Short text fragments from websites:
%%
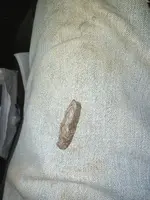 20240321_012438.webp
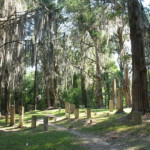 Rocky Springs Revisted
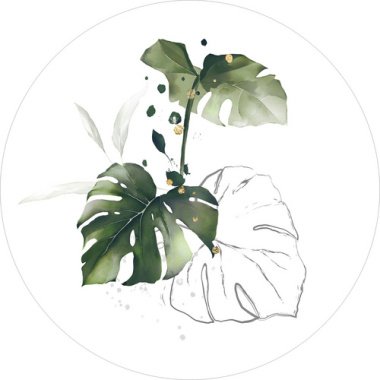 Pro Art Glasbild »Watercoloured Palm Leaves
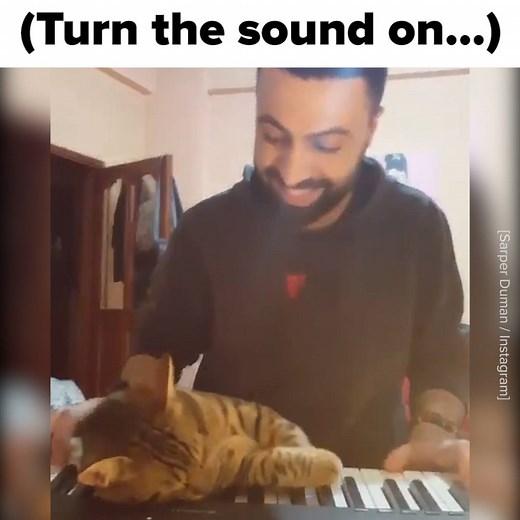 2.3M views · 19K reactions | This guy plays piano with his cat and it's honestly the best thing   | BuzzFeed News | Facebook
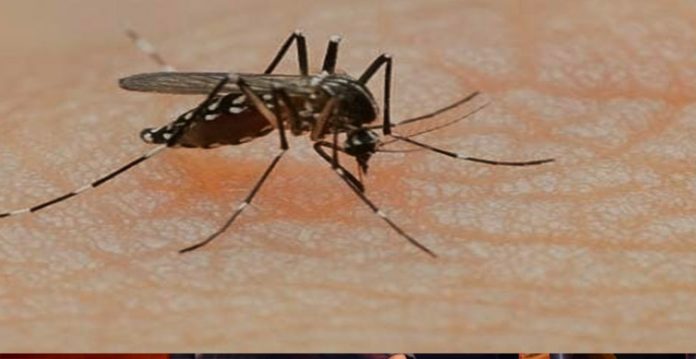 dengue caseload in gurugram touches 267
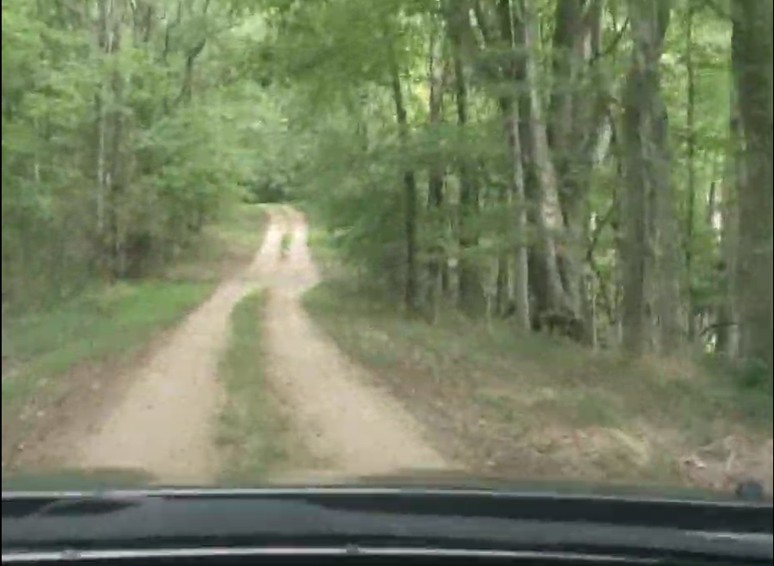 A drive down the Old Trace.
%%
- _Instructions to follow_: Pictures don't belong in the copy. Transcribe every record exactly as it appears.

- _Your response_:
 20240321_012438.webp
 Rocky Springs Revisted
 Pro Art Glasbild »Watercoloured Palm Leaves
 2.3M views · 19K reactions | This guy plays piano with his cat and it's honestly the best thing   | BuzzFeed News | Facebook
 dengue caseload in gurugram touches 267
 A drive down the Old Trace.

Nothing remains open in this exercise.